Work to complete ▸ The records below must be repeated exactly, but without their pictures.

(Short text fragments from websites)
********

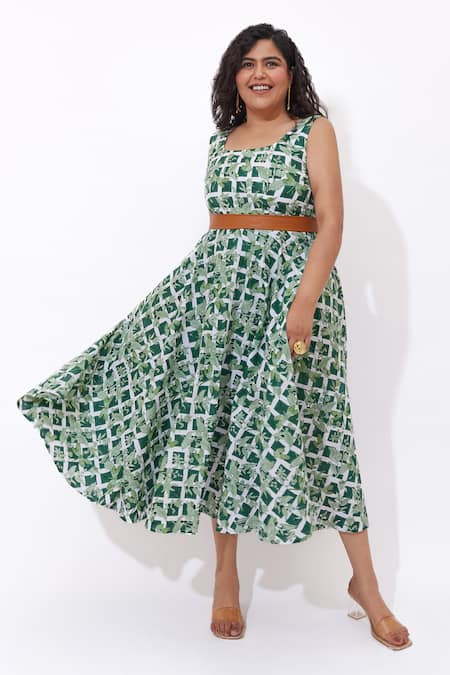 Shop_Aapro_Green Cotton Square Neck Elowen Hand Block Printed Dress _Online_at_Aza_Fashions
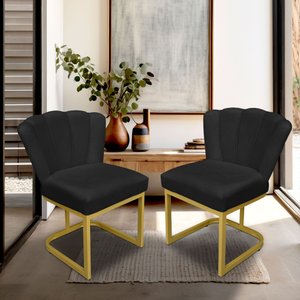 Kit 02 Cadeira Escritório/recepção Flor - Base Ferro Dourado - Preto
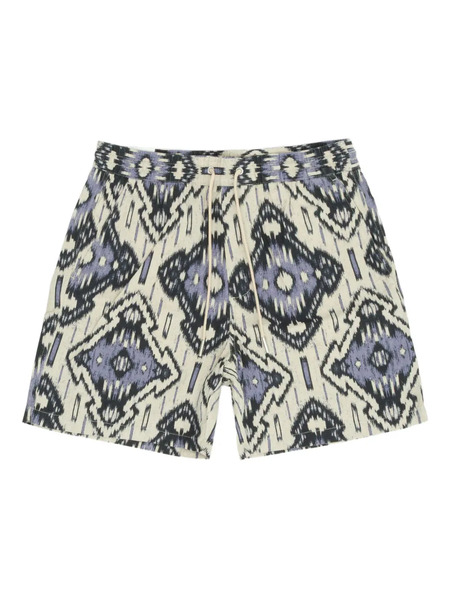  Nn07 Gregor Ikat-pattern Drawstring Shorts - Purple 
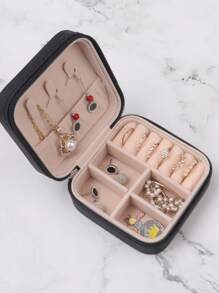 Portable Mini Jewelry Storage Box, Travel Organizer, Leather Jewelry Display Box For Earrings Necklaces Rings Valentine Day Back To School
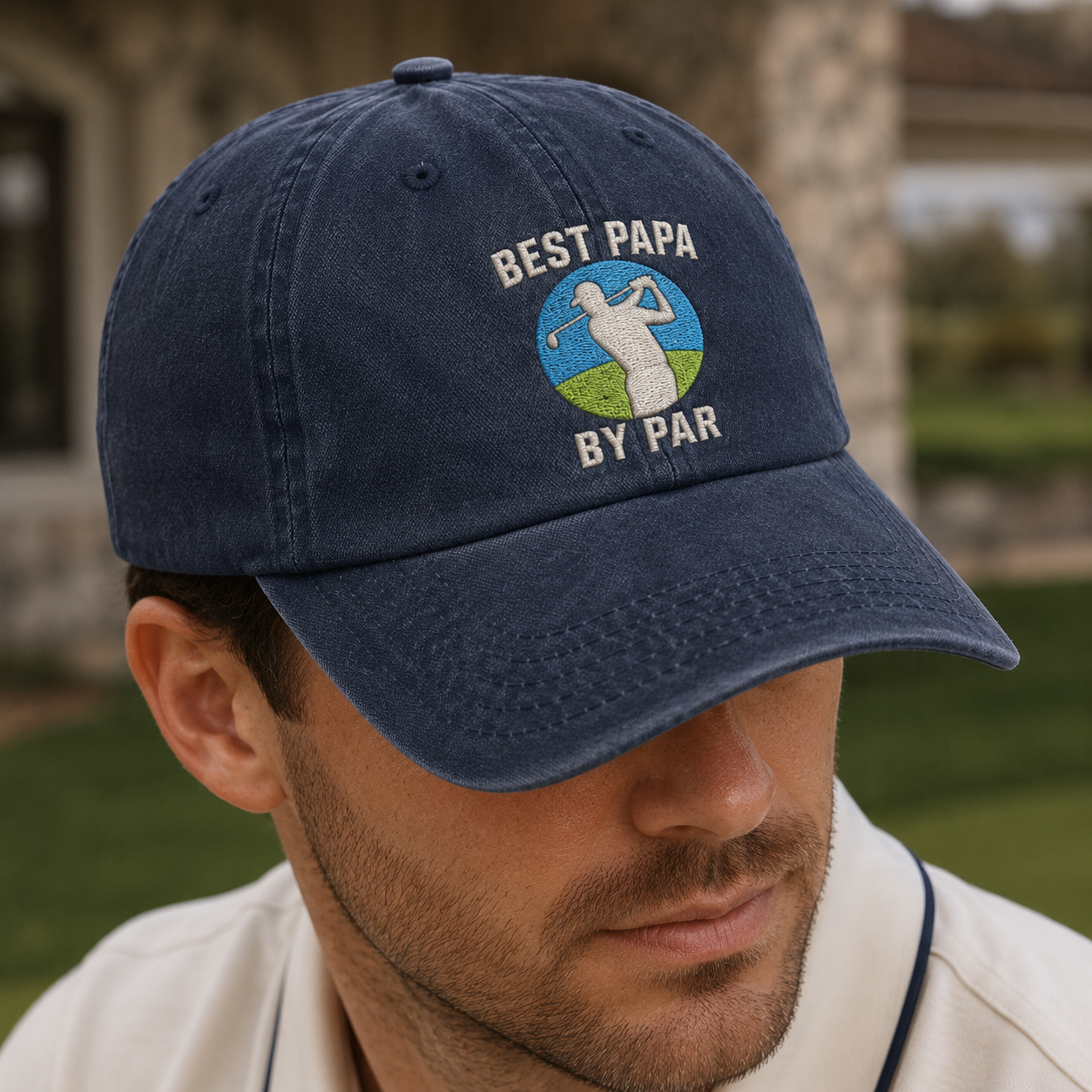 Golf Papa Washed Cap, Fathers Day Golfer Hat with Best Papa By Par Embroidery - Washed Cap - lifestyle view 3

********

Your solution ▸
 Shop_Aapro_Green Cotton Square Neck Elowen Hand Block Printed Dress _Online_at_Aza_Fashions
 Kit 02 Cadeira Escritório/recepção Flor - Base Ferro Dourado - Preto
  Nn07 Gregor Ikat-pattern Drawstring Shorts - Purple 
 Portable Mini Jewelry Storage Box, Travel Organizer, Leather Jewelry Display Box For Earrings Necklaces Rings Valentine Day Back To School
 Golf Papa Washed Cap, Fathers Day Golfer Hat with Best Papa By Par Embroidery - Washed Cap - lifestyle view 3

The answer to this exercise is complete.